Ophelia

Based on a novel by Lisa Klein, Ophelia is a re-telling of Shakespeare’s classic play, Hamlet, as told from the perspective of a secondary character. Ophelia is a very pro-feminist movie in a time where that sentiment is a very welcome one, especially in the entertainment industry. It examines the strengths and motivations of a woman living in a society ran by men who are driven by their greed, ambitions, and bloodlust. There are brilliant performances all around, but the film truly belongs to its lead actress, Daisy Ridley. Ridley plays the character of Ophelia with such depth and grace. Ophelia is written to be witty, sharp, intelligent, careful, and most important to how the story plays out she’s brutally cunning. Naomi Watts as Queen Gertrude is fantastic as well. Her character blasts past the trappings of being a surface level villain. She’s not completely evil, she has a kindness to her that is genuine, but her selfishness and a particularly nasty mean streak prevent her from being a paragon of righteousness. Watts also plays the role of The Witch, a character with an expanded upon backstory that is poetically tragic.

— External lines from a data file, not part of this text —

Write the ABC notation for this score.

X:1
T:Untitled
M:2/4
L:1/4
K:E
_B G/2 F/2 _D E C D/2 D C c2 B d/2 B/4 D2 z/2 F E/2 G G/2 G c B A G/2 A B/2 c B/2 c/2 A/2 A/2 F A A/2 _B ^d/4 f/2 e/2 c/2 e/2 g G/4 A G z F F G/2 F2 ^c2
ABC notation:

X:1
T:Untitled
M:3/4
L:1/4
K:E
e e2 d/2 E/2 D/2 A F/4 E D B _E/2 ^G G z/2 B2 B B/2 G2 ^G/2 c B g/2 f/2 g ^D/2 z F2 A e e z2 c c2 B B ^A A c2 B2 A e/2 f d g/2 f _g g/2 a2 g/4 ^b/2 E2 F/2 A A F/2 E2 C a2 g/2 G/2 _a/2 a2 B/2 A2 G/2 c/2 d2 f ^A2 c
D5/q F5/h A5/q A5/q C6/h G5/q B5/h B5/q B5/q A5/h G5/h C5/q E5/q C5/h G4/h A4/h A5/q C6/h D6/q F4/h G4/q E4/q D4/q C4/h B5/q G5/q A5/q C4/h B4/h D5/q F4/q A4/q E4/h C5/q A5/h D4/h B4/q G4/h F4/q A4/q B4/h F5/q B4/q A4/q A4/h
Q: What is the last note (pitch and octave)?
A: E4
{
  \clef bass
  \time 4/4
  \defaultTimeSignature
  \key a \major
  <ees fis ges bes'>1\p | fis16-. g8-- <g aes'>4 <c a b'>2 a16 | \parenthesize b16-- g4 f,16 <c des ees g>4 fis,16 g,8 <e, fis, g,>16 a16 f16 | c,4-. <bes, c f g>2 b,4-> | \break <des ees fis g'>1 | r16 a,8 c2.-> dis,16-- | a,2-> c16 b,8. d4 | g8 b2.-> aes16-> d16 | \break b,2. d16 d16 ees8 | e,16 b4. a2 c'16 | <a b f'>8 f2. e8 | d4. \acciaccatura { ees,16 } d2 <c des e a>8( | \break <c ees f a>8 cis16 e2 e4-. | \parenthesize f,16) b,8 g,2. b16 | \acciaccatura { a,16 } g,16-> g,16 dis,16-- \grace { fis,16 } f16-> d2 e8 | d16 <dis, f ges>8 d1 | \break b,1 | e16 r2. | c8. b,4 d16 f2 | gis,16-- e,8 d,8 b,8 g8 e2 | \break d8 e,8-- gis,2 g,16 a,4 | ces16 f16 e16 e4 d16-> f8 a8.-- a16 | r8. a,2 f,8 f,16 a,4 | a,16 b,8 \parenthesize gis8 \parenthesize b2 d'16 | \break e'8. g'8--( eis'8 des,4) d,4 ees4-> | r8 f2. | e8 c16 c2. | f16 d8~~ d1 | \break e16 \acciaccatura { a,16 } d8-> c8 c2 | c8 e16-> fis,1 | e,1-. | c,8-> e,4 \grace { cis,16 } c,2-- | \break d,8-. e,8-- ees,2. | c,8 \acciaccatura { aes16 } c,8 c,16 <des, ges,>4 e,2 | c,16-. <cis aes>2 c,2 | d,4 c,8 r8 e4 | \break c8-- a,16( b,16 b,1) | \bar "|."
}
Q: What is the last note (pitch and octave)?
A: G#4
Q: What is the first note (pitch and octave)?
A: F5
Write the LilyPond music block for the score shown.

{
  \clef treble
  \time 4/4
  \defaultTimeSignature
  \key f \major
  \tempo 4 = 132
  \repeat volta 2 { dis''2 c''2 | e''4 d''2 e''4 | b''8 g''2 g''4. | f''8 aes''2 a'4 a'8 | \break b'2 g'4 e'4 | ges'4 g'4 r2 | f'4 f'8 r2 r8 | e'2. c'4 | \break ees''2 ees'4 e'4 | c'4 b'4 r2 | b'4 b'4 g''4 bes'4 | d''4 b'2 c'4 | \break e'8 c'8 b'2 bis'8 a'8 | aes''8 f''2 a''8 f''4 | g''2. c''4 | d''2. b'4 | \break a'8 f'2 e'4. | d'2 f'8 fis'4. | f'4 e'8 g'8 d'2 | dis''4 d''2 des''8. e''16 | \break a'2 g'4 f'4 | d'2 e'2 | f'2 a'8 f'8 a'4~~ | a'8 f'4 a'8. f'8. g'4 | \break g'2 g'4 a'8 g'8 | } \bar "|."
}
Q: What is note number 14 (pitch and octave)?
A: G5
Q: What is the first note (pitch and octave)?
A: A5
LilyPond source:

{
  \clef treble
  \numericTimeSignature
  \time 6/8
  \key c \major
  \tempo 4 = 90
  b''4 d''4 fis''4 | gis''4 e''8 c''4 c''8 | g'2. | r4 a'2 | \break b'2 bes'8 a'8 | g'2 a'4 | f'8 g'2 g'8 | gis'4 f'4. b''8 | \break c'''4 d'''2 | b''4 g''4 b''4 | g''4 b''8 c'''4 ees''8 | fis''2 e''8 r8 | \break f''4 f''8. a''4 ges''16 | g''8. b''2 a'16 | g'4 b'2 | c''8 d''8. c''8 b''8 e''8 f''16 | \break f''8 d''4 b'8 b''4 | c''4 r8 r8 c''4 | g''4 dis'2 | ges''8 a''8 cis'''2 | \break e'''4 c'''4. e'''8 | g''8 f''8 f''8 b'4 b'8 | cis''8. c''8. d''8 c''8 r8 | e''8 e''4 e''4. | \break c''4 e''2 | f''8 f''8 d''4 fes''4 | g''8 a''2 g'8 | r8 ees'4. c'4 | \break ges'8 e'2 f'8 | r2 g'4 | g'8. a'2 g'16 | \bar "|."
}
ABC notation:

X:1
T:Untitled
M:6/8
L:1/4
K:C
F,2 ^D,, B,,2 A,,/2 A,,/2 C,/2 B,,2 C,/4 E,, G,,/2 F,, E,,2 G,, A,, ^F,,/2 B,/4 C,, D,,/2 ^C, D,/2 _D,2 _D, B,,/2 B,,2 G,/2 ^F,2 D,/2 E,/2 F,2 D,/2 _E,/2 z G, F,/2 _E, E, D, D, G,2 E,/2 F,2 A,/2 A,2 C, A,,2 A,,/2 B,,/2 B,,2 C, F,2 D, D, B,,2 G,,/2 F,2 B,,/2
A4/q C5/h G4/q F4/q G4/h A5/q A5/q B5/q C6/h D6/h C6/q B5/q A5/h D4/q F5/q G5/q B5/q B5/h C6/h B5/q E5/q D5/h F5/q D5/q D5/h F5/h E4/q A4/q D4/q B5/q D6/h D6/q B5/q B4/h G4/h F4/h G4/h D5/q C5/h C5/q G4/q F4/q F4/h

“There are brilliant performances all around, but the film truly belongs to its lead actress…”

As stated previously, this is basically Shakespeare’s Hamlet told from Ophelia’s point-of-view. We’re introduced to her as a precocious child who sort of stumbles into noble life as Queen Gertrude’s handmaiden while also garnering the attention of young Hamlet (played by George MacKay). She has certain advantages, for instance, her impoverished upbringing parallels the Queen’s and the two form a kinship over their similar histories. She’s also educated and can read in a time where that was very uncommon for women. She is very guarded and does not immediately fall for Prince Hamlet’s romantic advancements. She’s caught in the middle of tragedy when the King’s brother, Claudius (played by Clive Owens in a terrible wig) commits murder and assumed the throne with the help of Queen Gertrude. Owens plays an excellent villain. He’s terrifically evil and terrifyingly intimidating. Ophelia begs Hamlet to exercise caution and not let his hatred and rage get the best of him, but her pleas fall on deaf ears. Most of you who are familiar with the story of Hamlet have an idea of where this is going, but there are enough twists and clever deviations that set this apart from being another standard adaptation. It’s not radically different, per say, but there’s certainly enough here to shake things up.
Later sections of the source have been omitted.